Below is some data. Retype exactly the lines starting at the one with "PaulMarie Family Apartment Panoramic" and ending at the one with "Opulent Annabelle gold".

**** RECORDS FOR THIS EXERCISE

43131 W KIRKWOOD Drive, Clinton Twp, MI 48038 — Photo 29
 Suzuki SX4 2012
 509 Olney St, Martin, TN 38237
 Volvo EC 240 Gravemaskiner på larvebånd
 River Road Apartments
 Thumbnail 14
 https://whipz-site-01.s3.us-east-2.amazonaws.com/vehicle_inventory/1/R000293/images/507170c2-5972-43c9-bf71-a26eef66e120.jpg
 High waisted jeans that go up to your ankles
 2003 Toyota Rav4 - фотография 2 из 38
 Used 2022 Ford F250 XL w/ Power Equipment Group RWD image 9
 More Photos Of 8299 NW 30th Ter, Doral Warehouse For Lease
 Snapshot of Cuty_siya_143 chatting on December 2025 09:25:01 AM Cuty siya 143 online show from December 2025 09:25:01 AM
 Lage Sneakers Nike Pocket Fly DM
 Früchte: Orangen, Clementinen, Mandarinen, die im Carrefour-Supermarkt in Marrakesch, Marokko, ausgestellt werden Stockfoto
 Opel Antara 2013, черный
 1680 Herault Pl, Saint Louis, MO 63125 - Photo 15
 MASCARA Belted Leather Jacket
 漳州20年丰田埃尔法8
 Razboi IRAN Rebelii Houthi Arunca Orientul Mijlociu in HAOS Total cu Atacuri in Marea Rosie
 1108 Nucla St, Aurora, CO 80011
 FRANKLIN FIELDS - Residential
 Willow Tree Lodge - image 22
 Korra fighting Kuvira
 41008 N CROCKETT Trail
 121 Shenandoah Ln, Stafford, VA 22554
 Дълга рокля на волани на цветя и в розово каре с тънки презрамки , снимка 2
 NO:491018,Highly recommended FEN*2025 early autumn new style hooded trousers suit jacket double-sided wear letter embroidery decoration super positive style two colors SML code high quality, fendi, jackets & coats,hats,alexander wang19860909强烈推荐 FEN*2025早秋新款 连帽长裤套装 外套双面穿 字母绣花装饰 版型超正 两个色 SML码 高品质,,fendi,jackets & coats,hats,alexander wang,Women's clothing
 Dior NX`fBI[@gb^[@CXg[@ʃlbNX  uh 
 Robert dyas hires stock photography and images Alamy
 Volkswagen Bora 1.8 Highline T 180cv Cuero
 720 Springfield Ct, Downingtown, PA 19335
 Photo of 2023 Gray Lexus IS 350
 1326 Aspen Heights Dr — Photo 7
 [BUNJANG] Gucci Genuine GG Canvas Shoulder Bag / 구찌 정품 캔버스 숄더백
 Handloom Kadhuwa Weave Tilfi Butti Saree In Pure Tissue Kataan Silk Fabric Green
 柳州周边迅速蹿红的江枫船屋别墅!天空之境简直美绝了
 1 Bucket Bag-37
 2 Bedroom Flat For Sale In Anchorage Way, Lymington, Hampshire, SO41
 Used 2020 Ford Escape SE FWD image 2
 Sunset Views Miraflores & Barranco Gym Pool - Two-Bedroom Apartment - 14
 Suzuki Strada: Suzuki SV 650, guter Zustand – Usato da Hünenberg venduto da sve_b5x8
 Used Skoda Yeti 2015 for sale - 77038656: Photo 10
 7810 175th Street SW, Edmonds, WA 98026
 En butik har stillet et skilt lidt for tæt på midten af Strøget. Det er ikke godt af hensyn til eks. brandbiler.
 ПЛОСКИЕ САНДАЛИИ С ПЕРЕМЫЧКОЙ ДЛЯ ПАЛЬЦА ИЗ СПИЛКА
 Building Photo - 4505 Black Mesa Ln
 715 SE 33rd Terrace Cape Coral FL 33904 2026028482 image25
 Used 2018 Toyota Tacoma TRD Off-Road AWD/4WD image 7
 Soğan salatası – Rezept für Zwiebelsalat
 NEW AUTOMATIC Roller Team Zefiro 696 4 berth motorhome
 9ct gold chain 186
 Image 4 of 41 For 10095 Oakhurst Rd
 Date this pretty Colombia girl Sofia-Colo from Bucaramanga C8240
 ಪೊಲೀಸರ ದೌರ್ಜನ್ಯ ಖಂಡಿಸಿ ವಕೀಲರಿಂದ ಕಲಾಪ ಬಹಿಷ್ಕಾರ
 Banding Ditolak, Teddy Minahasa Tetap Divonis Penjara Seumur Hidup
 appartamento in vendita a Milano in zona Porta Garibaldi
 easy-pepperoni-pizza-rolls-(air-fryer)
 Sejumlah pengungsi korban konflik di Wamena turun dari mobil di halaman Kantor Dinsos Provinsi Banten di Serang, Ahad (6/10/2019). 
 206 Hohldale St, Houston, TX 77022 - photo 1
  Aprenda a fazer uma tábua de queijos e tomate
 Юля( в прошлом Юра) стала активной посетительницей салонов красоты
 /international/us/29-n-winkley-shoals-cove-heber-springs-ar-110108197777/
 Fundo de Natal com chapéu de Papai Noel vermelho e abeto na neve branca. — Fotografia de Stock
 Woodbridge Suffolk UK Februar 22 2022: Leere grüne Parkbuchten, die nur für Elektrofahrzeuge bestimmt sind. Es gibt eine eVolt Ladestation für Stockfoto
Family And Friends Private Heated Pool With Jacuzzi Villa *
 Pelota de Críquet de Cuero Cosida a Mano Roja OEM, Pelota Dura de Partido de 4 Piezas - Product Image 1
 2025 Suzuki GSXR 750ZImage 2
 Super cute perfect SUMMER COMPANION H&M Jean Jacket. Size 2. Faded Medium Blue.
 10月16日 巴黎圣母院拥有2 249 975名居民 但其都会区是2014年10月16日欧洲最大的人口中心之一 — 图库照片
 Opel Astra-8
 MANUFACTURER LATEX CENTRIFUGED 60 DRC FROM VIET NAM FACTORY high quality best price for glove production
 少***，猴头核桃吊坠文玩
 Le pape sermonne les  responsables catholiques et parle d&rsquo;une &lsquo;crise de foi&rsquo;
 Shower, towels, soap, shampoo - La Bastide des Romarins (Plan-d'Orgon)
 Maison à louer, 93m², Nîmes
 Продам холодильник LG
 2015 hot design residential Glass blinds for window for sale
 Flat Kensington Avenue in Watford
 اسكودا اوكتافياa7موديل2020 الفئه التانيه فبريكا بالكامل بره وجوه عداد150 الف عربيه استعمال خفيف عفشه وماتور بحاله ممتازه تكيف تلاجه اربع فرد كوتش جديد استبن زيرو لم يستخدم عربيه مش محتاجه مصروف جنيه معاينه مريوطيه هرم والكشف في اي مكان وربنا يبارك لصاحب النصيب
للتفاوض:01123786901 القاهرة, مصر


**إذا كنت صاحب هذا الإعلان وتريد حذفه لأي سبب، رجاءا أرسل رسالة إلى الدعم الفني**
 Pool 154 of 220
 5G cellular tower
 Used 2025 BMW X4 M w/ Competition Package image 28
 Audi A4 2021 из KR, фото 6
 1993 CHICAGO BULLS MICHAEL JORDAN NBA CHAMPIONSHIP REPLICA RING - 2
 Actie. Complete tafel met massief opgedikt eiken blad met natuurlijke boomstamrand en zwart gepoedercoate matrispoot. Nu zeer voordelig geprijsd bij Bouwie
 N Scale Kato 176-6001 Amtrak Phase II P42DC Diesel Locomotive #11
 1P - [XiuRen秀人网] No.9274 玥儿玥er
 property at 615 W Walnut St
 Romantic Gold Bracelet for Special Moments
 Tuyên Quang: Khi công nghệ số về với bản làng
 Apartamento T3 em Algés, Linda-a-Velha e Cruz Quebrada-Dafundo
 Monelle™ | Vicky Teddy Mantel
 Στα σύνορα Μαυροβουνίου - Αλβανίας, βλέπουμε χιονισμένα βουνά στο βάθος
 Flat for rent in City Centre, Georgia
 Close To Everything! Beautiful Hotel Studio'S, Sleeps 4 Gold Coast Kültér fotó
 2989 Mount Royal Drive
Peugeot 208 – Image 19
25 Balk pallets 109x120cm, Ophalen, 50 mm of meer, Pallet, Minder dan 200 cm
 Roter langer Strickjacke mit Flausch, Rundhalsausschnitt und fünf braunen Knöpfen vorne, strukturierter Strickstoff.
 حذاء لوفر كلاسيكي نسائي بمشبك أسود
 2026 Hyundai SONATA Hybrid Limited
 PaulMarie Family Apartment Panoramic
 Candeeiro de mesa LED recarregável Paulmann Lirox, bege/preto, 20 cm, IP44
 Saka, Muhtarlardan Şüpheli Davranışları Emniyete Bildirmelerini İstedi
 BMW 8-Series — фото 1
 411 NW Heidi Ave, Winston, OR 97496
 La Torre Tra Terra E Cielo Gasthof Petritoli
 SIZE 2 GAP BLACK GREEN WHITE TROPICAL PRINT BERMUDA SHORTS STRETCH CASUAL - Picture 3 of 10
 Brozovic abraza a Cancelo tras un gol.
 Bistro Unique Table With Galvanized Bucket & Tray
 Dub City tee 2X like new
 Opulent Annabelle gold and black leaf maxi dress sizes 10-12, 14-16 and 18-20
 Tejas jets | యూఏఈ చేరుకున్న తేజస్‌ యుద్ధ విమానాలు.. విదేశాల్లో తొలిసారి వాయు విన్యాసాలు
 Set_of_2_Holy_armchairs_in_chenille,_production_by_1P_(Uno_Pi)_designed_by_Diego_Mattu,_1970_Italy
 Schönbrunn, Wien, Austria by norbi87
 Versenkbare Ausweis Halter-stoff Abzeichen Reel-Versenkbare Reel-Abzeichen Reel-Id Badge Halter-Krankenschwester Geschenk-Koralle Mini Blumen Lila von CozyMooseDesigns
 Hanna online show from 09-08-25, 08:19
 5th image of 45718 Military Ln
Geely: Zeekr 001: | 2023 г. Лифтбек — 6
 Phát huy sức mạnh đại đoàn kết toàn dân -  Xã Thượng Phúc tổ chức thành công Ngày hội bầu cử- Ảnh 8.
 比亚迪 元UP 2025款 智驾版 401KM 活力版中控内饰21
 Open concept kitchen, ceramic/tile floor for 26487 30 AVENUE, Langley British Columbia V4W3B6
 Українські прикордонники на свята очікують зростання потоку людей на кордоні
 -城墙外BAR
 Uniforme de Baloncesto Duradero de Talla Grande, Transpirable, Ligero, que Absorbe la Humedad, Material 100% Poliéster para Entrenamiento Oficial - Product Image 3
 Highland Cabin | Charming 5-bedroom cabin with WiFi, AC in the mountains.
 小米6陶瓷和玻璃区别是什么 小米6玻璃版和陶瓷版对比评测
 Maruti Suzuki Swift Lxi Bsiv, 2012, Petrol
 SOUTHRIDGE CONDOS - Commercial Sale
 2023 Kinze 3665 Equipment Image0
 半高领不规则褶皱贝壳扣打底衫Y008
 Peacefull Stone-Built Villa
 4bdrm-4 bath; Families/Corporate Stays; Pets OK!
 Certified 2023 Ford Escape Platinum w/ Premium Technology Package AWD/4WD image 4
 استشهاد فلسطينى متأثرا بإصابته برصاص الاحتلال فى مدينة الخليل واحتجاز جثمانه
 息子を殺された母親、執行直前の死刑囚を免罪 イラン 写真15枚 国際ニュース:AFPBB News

********

■ EXERCISE ANSWER
 PaulMarie Family Apartment Panoramic
 Candeeiro de mesa LED recarregável Paulmann Lirox, bege/preto, 20 cm, IP44
 Saka, Muhtarlardan Şüpheli Davranışları Emniyete Bildirmelerini İstedi
 BMW 8-Series — фото 1
 411 NW Heidi Ave, Winston, OR 97496
 La Torre Tra Terra E Cielo Gasthof Petritoli
 SIZE 2 GAP BLACK GREEN WHITE TROPICAL PRINT BERMUDA SHORTS STRETCH CASUAL - Picture 3 of 10
 Brozovic abraza a Cancelo tras un gol.
 Bistro Unique Table With Galvanized Bucket & Tray
 Dub City tee 2X like new
 Opulent Annabelle gold and black leaf maxi dress sizes 10-12, 14-16 and 18-20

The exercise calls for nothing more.